Segment Start: Supplied entries

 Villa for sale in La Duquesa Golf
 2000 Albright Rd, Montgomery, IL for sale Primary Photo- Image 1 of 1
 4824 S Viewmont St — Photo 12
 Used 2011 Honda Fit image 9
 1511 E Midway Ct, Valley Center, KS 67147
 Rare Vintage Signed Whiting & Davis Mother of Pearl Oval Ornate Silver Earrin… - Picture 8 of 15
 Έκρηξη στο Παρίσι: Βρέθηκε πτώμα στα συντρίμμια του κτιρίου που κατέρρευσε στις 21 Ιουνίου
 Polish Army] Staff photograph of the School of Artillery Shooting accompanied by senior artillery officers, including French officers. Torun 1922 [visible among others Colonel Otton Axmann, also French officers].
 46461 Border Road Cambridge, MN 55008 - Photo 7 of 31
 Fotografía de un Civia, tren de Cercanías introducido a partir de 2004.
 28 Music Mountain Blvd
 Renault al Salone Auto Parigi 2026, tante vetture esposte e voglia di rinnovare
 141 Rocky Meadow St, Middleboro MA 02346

Segment End: Supplied entries

● **Exercise prompt**
List each line of the records that holds the string "sale".

● **Result for this task**
 Villa for sale in La Duquesa Golf
 2000 Albright Rd, Montgomery, IL for sale Primary Photo- Image 1 of 1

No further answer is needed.